呪いのキャンプファイヤー
魔王軍の追撃を振り切り、一行は森の開けた場所で野営をすることになった。
阿久津は、他人に干渉されたくない一心で、一人離れた木陰に陣取っていた。
「さあ勇者様! 共に食事を楽しみましょう!」
ガストンが丸太のような腕で獲物の巨大イノシシを担いでくる。
「勇者様、私の新しい魔法で、この肉を『映える』焼き加減にしてみせますわ!」
セレナが杖を構えて鼻息を荒くする。
阿久津は、騒がしい連中を横目にスマホの画面をタップした。
(……あー、大勢で飯とか一番苦手。自分のペースで食べたい。【ひ】……【一人】で……【ひ】……【干物】でも……【く】……【食いたい(くいたい)】……)

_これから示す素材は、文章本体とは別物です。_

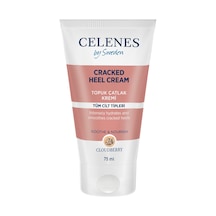 Celenes By Sweden Celenes Herbal Topuk Çatlak Kremi 75 ML
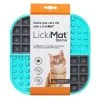 LickiMat Cat Slomo Turquoise -Bird Food Sales a729011059c902c81ea2489195dd1d61.image .550x550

女神ルミナスが、焚き火の煙を聖なる霧に変えながら、高らかに叫ぶ。
「神託です! 『【ひ】秘術を。 【ひ】引き摺り回して、 【く】食い尽くしなさい!』」
「引き摺り回して、食い尽くす……ッ!?」
ガストンが戦慄した。
「なるほど、ただ焼くのではない! 獲物の繊維を徹底的に破壊し、骨の髄まで吸い尽くせという、野生の極意か!」
ガストンは叫びながらイノシシの死体を地面に叩きつけ、猛烈な勢いで「引き摺り回し」始めた。
「勇者様、見ていてください! 私も『食い尽くし』に相応しい、残虐な(映える)デコレーションを施してみせますわ!」
セレナが闇属性っぽい禍々しい魔法を肉に叩き込み、キャンプ場は阿鼻叫喚の調理場と化した。
阿久津は、土埃を上げながらイノシシを引き摺り回す男と、紫色の炎で肉を焼く女を、死んだ目で見つめた。
「(……何してるの、あいつら。……あ、今の土埃、俺のスマホの充電端子に入ったかも。【ぜ】……【絶許】。……【ふ】……【不潔】……【き】……【消えろ(きえろ)】……)」
女神ルミナスが、肉の焼ける異様な臭いの中で、さらに神託を上書きする。
「追加の神託! 『【ぜ】全滅させなさい! 【ふ】不浄なモノを、 【き】斬り刻め!!』」
その場にいた一同に衝撃が走った。
「ぜ、全滅!? ここに不浄なモノ……つまり、魔王軍の隠密が潜んでいるということか!」
騎士団から同行しているガストンたちが、抜剣して周囲の茂みに突っ込んでいく。
「きゃあああ! 不浄なモノを斬り刻め!? 私のドレスに付いたこの返り血のことね!? 全部、焼き払いますわぁぁぁ!」
セレナがパニックになり、自身の周囲に無差別な爆炎を放ち始めた。
「……あ、もうだめだ、これ」
阿久津はスマホをポケットにねじ込み、体育座りで耳を塞いだ。
しばらくして。
周囲の森は半壊し、隠れていた魔王軍の偵察兵(不浄なモノ)はセレナの爆炎で本当に全滅していた。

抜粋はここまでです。